Records contained in a dataset »
* * * * * * * * *
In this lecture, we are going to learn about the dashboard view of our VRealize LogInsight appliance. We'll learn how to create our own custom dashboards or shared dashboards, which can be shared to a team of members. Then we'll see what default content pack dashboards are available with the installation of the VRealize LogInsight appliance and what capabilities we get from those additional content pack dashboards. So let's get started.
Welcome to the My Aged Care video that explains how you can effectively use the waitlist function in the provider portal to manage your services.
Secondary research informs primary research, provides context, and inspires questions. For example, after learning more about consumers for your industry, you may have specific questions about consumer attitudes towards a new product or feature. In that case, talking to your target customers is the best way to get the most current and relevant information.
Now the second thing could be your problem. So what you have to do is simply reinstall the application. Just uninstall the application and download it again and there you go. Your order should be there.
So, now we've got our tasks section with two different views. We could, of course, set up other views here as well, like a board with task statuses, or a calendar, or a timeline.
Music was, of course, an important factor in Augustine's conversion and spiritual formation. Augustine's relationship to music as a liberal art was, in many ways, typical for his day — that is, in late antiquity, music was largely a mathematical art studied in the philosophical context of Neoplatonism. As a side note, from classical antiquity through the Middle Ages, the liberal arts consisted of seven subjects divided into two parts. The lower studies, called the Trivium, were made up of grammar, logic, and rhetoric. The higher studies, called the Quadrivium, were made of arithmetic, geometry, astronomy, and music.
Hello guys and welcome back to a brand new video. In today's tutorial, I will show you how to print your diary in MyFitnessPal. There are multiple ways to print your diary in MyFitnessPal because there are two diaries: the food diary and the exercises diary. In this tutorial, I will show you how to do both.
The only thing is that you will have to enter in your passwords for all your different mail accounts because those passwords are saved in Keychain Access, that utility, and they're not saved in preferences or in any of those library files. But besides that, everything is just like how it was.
* * * * * * * * *
From the entries above, copy each line that holds "different".

Solution to this exercise »
So, now we've got our tasks section with two different views. We could, of course, set up other views here as well, like a board with task statuses, or a calendar, or a timeline.
The only thing is that you will have to enter in your passwords for all your different mail accounts because those passwords are saved in Keychain Access, that utility, and they're not saved in preferences or in any of those library files. But besides that, everything is just like how it was.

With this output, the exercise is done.